The ICP algorithm is run via

setprecision(2000)
n::BigInt = 4
construction, t, c = run_full_construction(n);

and length(t) gives the number of iterations.

If anyone can glance where in this code some low precision computation could’ve sneaked in, I’d be very curious to find out indeed. Everything is BigFloat or BigInt (except one use of Int64 for indices), and literals are only the aforementioned integers and 0.5, none of which should induce imprecision as far as I can tell.

Thanks for the reproducible example, but I think the definition of run_full_construction is missing for us to actually be able to reproduce the calculation.

Apologies, that’s silly of course! I added the definition of run_full_construction to the previous code post. Thank you so much for having a look.

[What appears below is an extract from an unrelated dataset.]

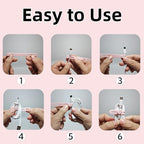 25 PCS Silicone Cable Ties Cord Organizer -[3 Adjustable Holes] Multi Color Elastic Reusable Cord Wraps Management, Home Organizer Ties for Phone Charger Electrical Cable, Travel Essentials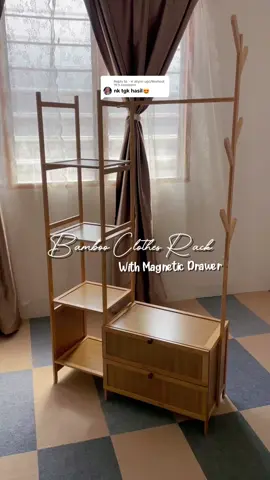 Replying to @˙⋆✮ atynn ugc/livehost ۫ ꣑ৎ Part 2- Hasil kerja keras husband 😆🙌🏻 #bamboo #bambooclothes #bambooclothesreview #dryingclothesrack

Here’s the code ready to be saved and run in a command line as follows, with the two command line arguments n and precision:

(base) chrisoffner@MBP Desktop % julia icp_precision.jl 8 2000

🌟 Running one-dimensional ICP for n = 8 with precision 2000...
🌟 ICP took 82 iterations. 82 were expected. 🟢

(base) chrisoffner@MBP Desktop % julia icp_precision.jl 8 3000

🌟 Running one-dimensional ICP for n = 8 with precision 3000...
🌟 ICP took 19 iterations. 82 were expected. 💔

(base) chrisoffner@MBP Desktop % julia icp_precision.jl 9 2000

🌟 Running one-dimensional ICP for n = 9 with precision 2000...
🌟 ICP took 21 iterations. 101 were expected. 💔

(base) chrisoffner@MBP Desktop % julia icp_precision.jl 8 5000

🌟 Running one-dimensional ICP for n = 8 with precision 5000...
🌟 ICP took 82 iterations. 82 were expected. 🟢

Based on the following experiment

ls = map(20:20000) do p
    setprecision(p)
    construction, t, c = run_full_construction(BigInt(8));
    length(t)
end

plot(map(1:1:17980) do i
    mean(==(82),  ls[i:i+2000])
end)

I would say that there is no correlation between precision and expected results.

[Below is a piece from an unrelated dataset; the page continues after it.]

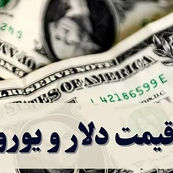 قیمت دلار و یورو در مرکز مبادله ایران/شنبه 21 تیر 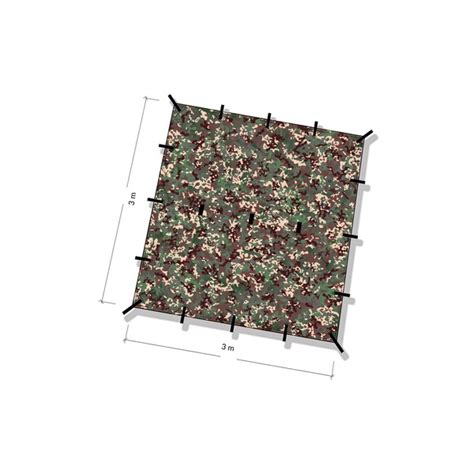 DD 3x3 Outdoor Camping Tarp | Greenman Bushcraft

I don’t know if this is useful but for precision larger than 50, iteration count was always of the form 9k+1, k\le 9.

Thank you, although I’m no sure what this tells us.

I only know that for n = 8 and precision 2000 it behaves as expected, all the Redirector regions “fire” in the expected cascade from right to left, i.e. the right red point in one of them changes its nearest neighbour (indicated by the grey lines between red and blue points) every n+1 iterations until each of the bunch of red points on the very right (the “Linear Shifter”) have traversed the Linear Shifter’s blue points in \mathcal{O}(n) points, respectively, which leads us to the desired quadratic running time.

Not quite sure how to interpret that. In the code we define k = 3n + 2, which means for n = 8 we have k = 26, and for precision 2000 (> 50) we get 82 iterations, which is unequal to 9k+1 = 235, so I’ll assume you’re not referring to the k in the code.

In any event, shouldn’t the number of iterations stay constant from a certain precision on up?